[[ GIVEN RECORDS open ]]
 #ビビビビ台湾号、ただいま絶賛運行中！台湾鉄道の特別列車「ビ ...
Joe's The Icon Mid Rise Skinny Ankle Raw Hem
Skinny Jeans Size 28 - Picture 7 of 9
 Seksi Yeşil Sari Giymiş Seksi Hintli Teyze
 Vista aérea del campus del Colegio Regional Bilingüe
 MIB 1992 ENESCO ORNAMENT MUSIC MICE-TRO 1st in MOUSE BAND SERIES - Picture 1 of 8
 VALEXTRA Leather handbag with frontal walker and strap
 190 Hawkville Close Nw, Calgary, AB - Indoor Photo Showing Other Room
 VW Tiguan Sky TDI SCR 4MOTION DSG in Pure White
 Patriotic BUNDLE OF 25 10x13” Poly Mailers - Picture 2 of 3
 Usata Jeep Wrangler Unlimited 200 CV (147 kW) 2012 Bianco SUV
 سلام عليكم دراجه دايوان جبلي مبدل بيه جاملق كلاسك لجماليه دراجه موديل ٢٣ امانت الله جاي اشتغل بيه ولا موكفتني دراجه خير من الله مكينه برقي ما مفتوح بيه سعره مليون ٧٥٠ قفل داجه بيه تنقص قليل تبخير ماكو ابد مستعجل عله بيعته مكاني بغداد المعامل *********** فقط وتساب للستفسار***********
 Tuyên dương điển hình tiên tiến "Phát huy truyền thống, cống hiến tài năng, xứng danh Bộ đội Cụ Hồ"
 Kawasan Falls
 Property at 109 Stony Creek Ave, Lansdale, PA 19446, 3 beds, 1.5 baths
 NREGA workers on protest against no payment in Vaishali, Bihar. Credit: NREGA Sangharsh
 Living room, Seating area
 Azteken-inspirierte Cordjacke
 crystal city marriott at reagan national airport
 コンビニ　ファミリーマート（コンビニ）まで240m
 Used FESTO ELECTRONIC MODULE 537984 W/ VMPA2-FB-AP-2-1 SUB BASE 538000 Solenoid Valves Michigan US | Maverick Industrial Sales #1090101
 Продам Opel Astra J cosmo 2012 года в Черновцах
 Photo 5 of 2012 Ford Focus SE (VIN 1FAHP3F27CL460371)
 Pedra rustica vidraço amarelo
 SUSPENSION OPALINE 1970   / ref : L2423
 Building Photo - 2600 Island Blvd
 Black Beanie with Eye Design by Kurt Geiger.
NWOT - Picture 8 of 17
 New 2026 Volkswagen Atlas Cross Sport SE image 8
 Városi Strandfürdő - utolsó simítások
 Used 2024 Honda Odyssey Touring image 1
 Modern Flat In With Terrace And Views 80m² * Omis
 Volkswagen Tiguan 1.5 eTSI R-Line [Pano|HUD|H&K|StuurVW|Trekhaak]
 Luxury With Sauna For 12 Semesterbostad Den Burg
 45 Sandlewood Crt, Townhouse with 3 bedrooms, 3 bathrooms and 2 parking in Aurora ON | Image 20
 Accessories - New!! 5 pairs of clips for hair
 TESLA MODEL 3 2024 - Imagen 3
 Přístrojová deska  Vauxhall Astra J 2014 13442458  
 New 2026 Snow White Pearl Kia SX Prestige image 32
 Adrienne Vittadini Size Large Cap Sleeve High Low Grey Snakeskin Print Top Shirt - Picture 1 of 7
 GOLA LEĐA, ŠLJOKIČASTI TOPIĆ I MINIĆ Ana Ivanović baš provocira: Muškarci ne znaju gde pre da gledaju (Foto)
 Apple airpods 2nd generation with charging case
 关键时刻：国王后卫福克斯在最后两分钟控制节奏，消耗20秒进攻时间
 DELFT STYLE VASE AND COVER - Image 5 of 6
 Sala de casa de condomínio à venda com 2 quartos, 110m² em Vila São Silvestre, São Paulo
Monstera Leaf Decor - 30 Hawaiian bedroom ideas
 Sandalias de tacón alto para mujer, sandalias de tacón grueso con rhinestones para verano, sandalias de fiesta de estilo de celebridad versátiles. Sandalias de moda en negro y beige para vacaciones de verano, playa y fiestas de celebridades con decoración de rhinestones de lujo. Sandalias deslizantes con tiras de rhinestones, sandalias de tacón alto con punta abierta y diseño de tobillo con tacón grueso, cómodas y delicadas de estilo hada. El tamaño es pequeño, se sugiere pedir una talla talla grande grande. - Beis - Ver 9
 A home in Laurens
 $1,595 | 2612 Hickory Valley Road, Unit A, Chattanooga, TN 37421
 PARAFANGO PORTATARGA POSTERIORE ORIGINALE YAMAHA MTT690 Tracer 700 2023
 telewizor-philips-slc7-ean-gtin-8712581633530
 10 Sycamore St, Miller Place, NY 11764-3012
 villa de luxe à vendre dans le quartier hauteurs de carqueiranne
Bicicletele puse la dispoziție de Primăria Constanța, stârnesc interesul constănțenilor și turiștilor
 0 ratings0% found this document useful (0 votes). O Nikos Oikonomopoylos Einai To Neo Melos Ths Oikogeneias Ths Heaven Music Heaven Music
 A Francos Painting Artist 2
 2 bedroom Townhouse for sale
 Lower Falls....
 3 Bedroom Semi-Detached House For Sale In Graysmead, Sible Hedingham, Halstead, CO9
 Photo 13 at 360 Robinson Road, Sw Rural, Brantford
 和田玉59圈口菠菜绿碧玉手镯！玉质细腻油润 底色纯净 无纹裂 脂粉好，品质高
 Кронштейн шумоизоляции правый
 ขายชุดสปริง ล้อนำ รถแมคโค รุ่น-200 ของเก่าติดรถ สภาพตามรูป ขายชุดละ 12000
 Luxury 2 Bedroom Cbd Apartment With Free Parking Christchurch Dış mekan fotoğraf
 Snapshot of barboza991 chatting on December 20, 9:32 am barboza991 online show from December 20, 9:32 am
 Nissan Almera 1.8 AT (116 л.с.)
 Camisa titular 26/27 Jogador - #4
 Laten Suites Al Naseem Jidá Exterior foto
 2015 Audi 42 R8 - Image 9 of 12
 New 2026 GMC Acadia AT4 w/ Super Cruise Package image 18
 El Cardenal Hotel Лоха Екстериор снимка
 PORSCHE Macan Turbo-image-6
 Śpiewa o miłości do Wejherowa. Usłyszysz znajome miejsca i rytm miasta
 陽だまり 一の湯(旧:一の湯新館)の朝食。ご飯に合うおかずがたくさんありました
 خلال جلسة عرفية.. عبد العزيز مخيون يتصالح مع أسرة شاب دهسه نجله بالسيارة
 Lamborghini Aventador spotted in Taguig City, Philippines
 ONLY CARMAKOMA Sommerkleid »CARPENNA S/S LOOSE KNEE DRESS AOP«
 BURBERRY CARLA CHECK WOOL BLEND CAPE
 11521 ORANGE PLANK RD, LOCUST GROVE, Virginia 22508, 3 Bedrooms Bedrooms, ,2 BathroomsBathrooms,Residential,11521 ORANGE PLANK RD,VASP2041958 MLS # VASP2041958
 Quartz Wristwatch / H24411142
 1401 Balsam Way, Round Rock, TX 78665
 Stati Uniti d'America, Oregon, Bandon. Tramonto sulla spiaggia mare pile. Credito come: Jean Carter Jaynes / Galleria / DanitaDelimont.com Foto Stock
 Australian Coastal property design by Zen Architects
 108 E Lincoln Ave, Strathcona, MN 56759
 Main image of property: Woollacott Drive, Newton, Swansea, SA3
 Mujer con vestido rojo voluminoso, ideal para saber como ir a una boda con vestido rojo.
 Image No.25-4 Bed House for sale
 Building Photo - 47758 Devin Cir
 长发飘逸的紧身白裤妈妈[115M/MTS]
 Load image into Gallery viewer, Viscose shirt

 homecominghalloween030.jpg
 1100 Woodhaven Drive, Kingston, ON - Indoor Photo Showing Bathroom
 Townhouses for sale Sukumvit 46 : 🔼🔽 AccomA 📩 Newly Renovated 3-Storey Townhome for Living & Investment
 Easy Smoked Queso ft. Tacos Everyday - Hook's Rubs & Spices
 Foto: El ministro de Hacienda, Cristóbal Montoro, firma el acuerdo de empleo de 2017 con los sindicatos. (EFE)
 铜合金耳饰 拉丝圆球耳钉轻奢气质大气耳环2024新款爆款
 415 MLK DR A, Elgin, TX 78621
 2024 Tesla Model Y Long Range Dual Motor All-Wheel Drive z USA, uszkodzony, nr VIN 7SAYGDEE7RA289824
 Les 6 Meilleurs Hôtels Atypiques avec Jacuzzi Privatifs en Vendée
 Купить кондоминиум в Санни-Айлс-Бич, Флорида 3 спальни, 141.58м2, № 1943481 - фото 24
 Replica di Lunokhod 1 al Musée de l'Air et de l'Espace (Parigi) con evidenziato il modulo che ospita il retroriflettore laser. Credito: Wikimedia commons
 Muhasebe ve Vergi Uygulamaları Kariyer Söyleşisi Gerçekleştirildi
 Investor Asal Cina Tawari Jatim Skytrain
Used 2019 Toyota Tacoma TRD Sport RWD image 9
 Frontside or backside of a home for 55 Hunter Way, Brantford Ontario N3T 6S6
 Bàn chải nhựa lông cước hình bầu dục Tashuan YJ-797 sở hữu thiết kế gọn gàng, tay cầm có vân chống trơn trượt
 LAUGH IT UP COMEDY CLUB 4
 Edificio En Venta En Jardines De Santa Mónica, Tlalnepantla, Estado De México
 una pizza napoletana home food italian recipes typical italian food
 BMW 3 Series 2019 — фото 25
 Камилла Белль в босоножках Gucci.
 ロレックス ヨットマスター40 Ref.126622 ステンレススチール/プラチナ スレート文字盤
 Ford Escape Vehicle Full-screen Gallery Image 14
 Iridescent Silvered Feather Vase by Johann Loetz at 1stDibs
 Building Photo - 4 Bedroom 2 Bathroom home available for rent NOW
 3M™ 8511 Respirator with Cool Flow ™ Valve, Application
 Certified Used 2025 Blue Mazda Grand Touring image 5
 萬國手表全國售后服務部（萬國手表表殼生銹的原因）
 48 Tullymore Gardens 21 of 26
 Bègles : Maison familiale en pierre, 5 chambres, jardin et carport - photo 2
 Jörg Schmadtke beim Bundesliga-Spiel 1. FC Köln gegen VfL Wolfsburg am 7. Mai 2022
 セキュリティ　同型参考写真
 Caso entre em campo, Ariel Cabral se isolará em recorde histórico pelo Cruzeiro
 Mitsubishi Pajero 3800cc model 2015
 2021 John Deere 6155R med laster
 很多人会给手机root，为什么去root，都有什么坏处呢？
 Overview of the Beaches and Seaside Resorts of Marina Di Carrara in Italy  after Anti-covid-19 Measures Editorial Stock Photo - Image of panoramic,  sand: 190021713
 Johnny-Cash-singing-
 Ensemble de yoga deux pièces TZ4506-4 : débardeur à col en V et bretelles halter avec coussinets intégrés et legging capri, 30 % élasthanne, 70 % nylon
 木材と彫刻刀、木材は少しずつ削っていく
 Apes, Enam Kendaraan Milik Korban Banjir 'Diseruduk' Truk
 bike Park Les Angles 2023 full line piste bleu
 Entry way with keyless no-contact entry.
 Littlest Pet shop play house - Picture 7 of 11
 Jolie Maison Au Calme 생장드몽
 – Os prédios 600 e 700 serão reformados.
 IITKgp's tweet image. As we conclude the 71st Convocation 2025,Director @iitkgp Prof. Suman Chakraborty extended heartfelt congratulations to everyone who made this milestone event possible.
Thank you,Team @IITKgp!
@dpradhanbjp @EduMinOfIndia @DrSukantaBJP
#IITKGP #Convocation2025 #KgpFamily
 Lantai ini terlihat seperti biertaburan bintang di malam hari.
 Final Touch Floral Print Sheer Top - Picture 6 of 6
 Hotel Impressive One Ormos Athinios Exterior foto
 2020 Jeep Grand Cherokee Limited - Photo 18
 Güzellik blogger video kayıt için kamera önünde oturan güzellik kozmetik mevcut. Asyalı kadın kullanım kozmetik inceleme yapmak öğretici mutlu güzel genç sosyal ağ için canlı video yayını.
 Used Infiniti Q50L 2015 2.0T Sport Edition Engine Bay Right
[[ GIVEN RECORDS closed ]]
PROBLEM | In the entries above, the lines between the one holding "3M™ 8511 Respirator" and the one holding "Güzellik blogger video", inclusive, are to be printed exactly as written, and those alone.

ANSWER SECTION |
 3M™ 8511 Respirator with Cool Flow ™ Valve, Application
 Certified Used 2025 Blue Mazda Grand Touring image 5
 萬國手表全國售后服務部（萬國手表表殼生銹的原因）
 48 Tullymore Gardens 21 of 26
 Bègles : Maison familiale en pierre, 5 chambres, jardin et carport - photo 2
 Jörg Schmadtke beim Bundesliga-Spiel 1. FC Köln gegen VfL Wolfsburg am 7. Mai 2022
 セキュリティ　同型参考写真
 Caso entre em campo, Ariel Cabral se isolará em recorde histórico pelo Cruzeiro
 Mitsubishi Pajero 3800cc model 2015
 2021 John Deere 6155R med laster
 很多人会给手机root，为什么去root，都有什么坏处呢？
 Overview of the Beaches and Seaside Resorts of Marina Di Carrara in Italy  after Anti-covid-19 Measures Editorial Stock Photo - Image of panoramic,  sand: 190021713
 Johnny-Cash-singing-
 Ensemble de yoga deux pièces TZ4506-4 : débardeur à col en V et bretelles halter avec coussinets intégrés et legging capri, 30 % élasthanne, 70 % nylon
 木材と彫刻刀、木材は少しずつ削っていく
 Apes, Enam Kendaraan Milik Korban Banjir 'Diseruduk' Truk
 bike Park Les Angles 2023 full line piste bleu
 Entry way with keyless no-contact entry.
 Littlest Pet shop play house - Picture 7 of 11
 Jolie Maison Au Calme 생장드몽
 – Os prédios 600 e 700 serão reformados.
 IITKgp's tweet image. As we conclude the 71st Convocation 2025,Director @iitkgp Prof. Suman Chakraborty extended heartfelt congratulations to everyone who made this milestone event possible.
Thank you,Team @IITKgp!
@dpradhanbjp @EduMinOfIndia @DrSukantaBJP
#IITKGP #Convocation2025 #KgpFamily
 Lantai ini terlihat seperti biertaburan bintang di malam hari.
 Final Touch Floral Print Sheer Top - Picture 6 of 6
 Hotel Impressive One Ormos Athinios Exterior foto
 2020 Jeep Grand Cherokee Limited - Photo 18
 Güzellik blogger video kayıt için kamera önünde oturan güzellik kozmetik mevcut. Asyalı kadın kullanım kozmetik inceleme yapmak öğretici mutlu güzel genç sosyal ağ için canlı video yayını.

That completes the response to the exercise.